The Solid Ground Newsletterのラッセル・ネイピア氏が、自身の運営するLibrary of Mistakesにおける講演で紙幣というものの始まりを説明している。
紙幣の始まり
現代社会では誰もが当たり前のように紙幣を使っているが、別にそれ自体はただの紙切れで、それだけあっても何ができるわけでもないものを、人々が価値あるものとして使うようになった経緯には興味深いものがある。
紙幣とはそもそもどのように出来たのか。ネイピア氏は次のように語っている。
紙幣というもののメカニズムについて、わたしがよく知っているスコットランド銀行を例に解説したい。
スコットランド銀行は1695年に設立された。
スコットランド銀行の株主は資本金を出資し、エディンバラに店を構えた。
銀行の歴史とはそこそこ古い。ネイピア氏はスコットランド人なので、スコットランドを例に話している。
ネイピア氏は次のように続けている。
受付の奥には銀行の資産が積まれてある。資産とはつまり、ゴールドのことだ。
ゴールドは、金貨や金の延べ棒などの形だった。
銀行はまず、人々がそれ自体で価値を持つと信じていた現物資産を大量に店に置き、それで商売をするビジネスだった。
ゴールドを使った商売
まずゴールドを大量に保有した銀行は、それでどういう商売をしたのか。ネイピア氏は次のように述べている。
スコットランド銀行がゴールドを保有しているということは、街に居るすべての人が知っていた。
それからスコットランド銀行が行ったのは、お金を貸すということだ。銀行は預金を預かるビジネスから始まったのではなかった。スコットランド銀行は1710年まで、つまり設立から14年経つまで預金を1つも預かっていなかった。

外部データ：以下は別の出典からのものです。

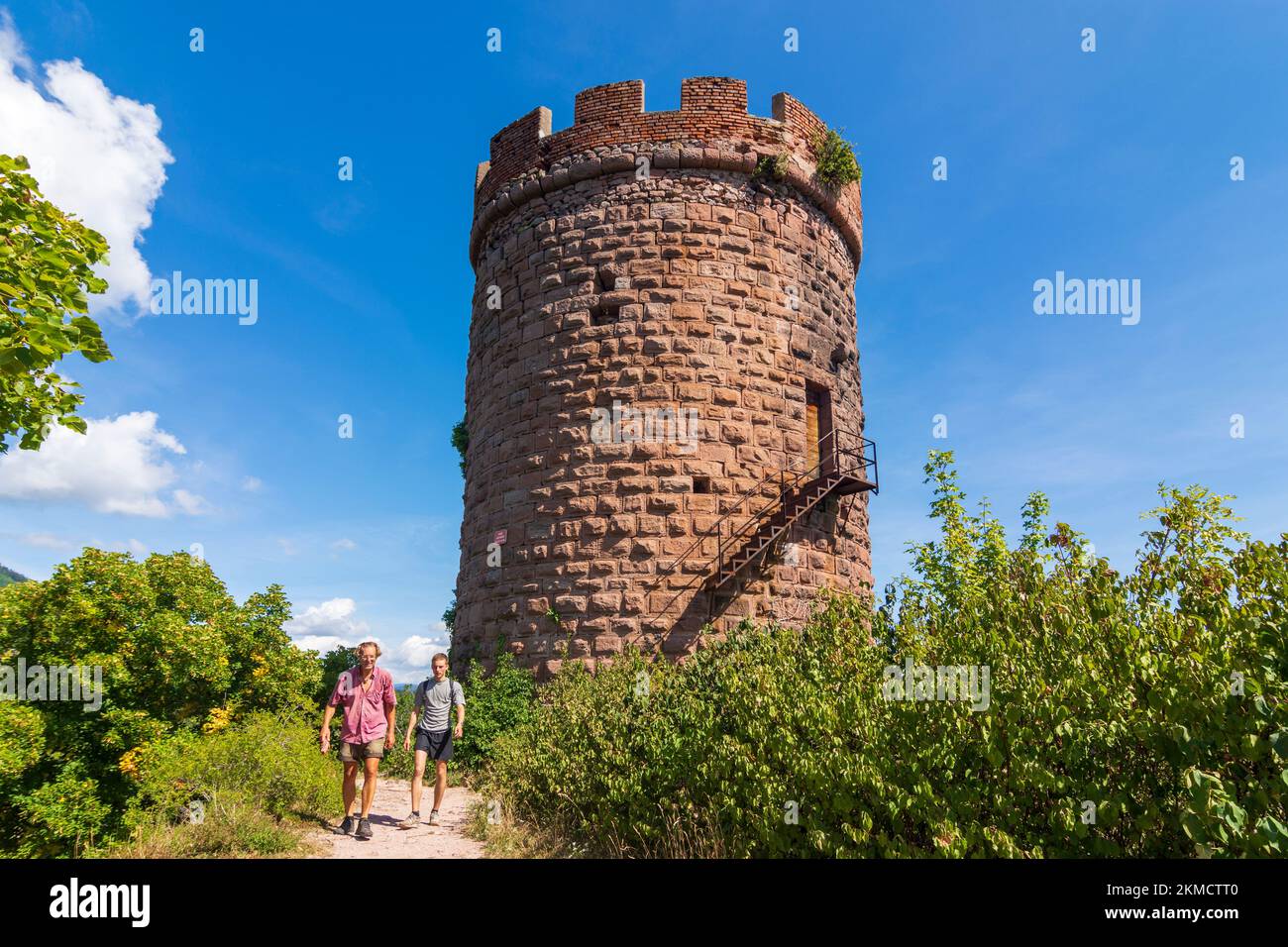 Ribeauville (Rappoltsweiler, Rappschwihr) : Château du Haut-Ribeaupierre en Alsace (Elssass), Haut-Rhin (Oberelsss), France Banque D'Images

銀行員とは、つまりは金貸しのことだった。銀行は今ではむしろ預金をする場所と考えられているが、銀行は元々は自分のお金を貸していた。
そしてお金とは、当時はつまり、ゴールドのことである。
ネイピア氏は次のように続ける。
ある日、誰かが店に来て「10ポンド貸してほしい」と言った。なので、スコットランド銀行は「これは10ポンド分のゴールドの預かり証です」と書いた紙をその人に渡した。もちろん金利は取った。
スコットランド銀行はゴールドを貸したわけだが、ゴールドは重いので現物をそのまま貸したわけではない。預かり証を発行して、それを銀行に持ち込めばゴールドを渡してくれるようにしたのだ。
その預かり証は他人に譲渡可能なので、それを他人に渡すことでものを買うこともできるという仕組みである。
当時、そうした預かり証でものを売買するということは一般的ではなかったわけだが、ネイピア氏は次のように続けている。
それを受け取った人はその紙を使って、10ポンドで馬と馬車を買おうとした。
その人は、その紙を受け取ってくれる相手を探さなければならないわけだが、スコットランド銀行がゴールドを持っていることは街中の人が知っていたので、銀行に行けばゴールドを受け取れる預かり証を人々はすぐに受け入れるようになった。
ゴールドなしで流通する紙幣
これが「まだゴールドの預かり証だった紙幣」がどのようにして出来たかである。だがネイピア氏は次のように続ける。
興味深いことが起こったのはその後だ。
重要なのは、ゴールドの預かり証が決済手段として受け入れられた後の話である。ネイピア氏は次のように続ける。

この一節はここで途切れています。